Start of Block
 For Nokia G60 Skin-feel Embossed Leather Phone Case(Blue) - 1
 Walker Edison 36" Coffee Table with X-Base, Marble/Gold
End of Block
Start of Block
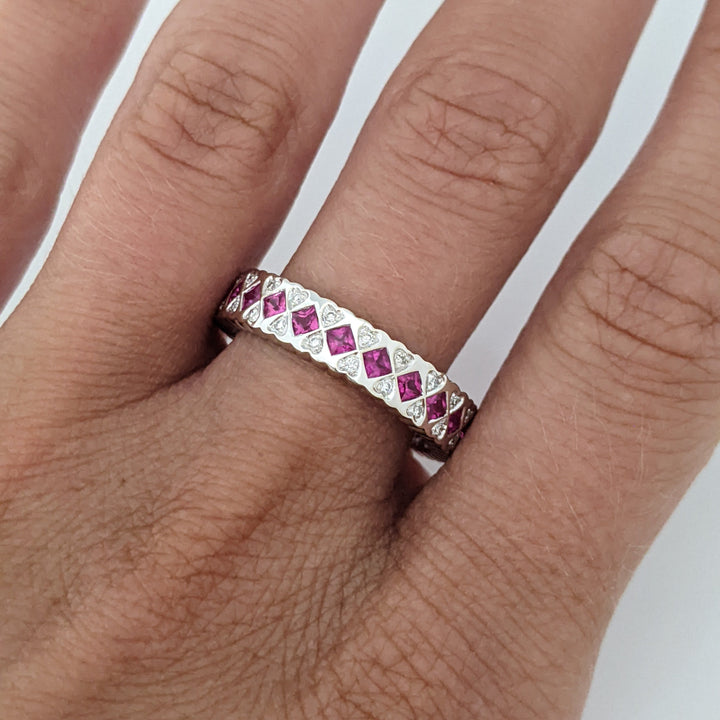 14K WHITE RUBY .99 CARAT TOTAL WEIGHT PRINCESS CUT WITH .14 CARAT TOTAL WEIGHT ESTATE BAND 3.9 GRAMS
End of Block
__Exercise directions__.
Among the entries above, copy exactly only the lines starting with the one containing "For Nokia G60" and going through the one containing "with X-Base, Marble/Gold", both ends included.

__Response for this exercise__.
 For Nokia G60 Skin-feel Embossed Leather Phone Case(Blue) - 1
 Walker Edison 36" Coffee Table with X-Base, Marble/Gold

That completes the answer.